The event, which has always catered to elite mountain cyclists, reportedly offers a range of challenge levels, from completing one pass, up to conquering the six highly categorized climbs over Monitor Pass, Ebbetts Pass, and the Pacific Grade. The category of a climb is calculated by multiplying the length of the climb in meters by the grade of the climb, in percent. To be classified as a categorized climb, the total must be a summit elevation of 8,000 feet or more.
“My father and I had a good relationship,” Blake Stocker, right, said. “He was a parent first, but we were buddies. Had he still been here, Dad (pictured on the left) would have been doing this ride with me. I think he was already registered.” (Photo courtesy of Blake Stocker)
The summit elevations in the Tour of the California Alps range between 8,330 and 8,750 feet.
“My dad did Markleeville 11 or maybe 13 times,” said Stocker, “and he always completed it. There was no other option for him; he always intended to finish, and he always did.”

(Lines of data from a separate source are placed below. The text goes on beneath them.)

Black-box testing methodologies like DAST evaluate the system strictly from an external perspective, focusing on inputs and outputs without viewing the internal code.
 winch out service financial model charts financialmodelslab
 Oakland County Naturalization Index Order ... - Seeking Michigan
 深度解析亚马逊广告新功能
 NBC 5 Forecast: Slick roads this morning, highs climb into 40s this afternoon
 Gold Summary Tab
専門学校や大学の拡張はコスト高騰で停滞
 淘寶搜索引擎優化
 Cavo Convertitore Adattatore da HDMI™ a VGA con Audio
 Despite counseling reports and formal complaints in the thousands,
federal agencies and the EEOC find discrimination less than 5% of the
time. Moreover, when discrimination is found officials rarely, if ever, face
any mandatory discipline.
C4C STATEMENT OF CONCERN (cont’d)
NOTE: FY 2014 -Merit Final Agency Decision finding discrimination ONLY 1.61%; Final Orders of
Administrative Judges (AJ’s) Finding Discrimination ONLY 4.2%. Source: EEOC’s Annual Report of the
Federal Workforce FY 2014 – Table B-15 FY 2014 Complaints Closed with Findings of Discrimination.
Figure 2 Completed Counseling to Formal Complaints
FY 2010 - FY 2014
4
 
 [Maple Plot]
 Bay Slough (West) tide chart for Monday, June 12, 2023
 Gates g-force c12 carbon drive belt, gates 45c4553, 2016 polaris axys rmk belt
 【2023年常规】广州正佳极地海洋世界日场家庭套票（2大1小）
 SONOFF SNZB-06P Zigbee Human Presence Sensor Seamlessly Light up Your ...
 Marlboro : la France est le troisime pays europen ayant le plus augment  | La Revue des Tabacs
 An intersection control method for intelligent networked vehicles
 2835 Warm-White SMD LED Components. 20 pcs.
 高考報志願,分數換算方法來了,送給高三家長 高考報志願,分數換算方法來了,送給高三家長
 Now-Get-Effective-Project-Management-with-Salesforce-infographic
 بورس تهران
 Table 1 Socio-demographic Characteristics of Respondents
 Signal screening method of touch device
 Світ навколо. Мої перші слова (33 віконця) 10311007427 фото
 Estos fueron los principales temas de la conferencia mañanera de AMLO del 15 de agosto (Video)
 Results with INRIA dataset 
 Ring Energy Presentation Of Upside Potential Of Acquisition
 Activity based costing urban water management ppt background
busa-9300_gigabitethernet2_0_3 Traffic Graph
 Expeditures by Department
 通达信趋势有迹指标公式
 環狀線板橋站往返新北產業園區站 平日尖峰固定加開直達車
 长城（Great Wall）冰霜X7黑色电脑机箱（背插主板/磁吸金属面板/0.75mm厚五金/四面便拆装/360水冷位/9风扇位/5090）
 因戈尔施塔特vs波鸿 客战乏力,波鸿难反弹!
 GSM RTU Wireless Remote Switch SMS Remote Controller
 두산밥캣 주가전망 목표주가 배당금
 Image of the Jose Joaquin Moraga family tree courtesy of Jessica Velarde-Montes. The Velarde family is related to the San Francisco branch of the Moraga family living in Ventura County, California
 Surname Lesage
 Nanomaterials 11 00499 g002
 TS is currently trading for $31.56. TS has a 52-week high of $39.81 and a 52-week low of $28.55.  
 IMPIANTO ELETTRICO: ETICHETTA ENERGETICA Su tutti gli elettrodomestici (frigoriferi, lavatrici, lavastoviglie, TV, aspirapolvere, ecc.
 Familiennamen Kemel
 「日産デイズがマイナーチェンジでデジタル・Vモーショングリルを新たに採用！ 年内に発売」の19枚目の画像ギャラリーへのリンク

On July 17, the 40th anniversary of the legendary ride, Blake Stocker will sit on the saddle of his father’s Colnago to climb the same mountains in memory of his father. He has every intention of completing the full event; like his father before him, there is no other option.
In the saddle
The brother to two younger sisters, Blake Stocker was born in Boulder but grew up in San Mateo. An active, outdoors kid, he started surfing early at Half Moon Bay and off the coast of Pacifica. He also played baseball in school until he got his driver’s license, which drove him off the field and into other activities, but he never stopped surfing.
Family travel and surfing safaris took him all over the world, including Hawaii, Puerto Rico, Mexico, Switzerland, Spain, France, the Netherlands, and Vancouver, before he settled into his studies at CSU Monterey Bay. He graduated in 2018 with a degree in business but missed his commencement ceremonies in favor of a surfing trip to Nicaragua.
After a few “practice” jobs, in 2019, Stocker got a job with Lewis Builders residential design-build firm in Carmel by promising to work hard and learn the business. After beginning as a laborer, a year later, he’d been named Production Manager.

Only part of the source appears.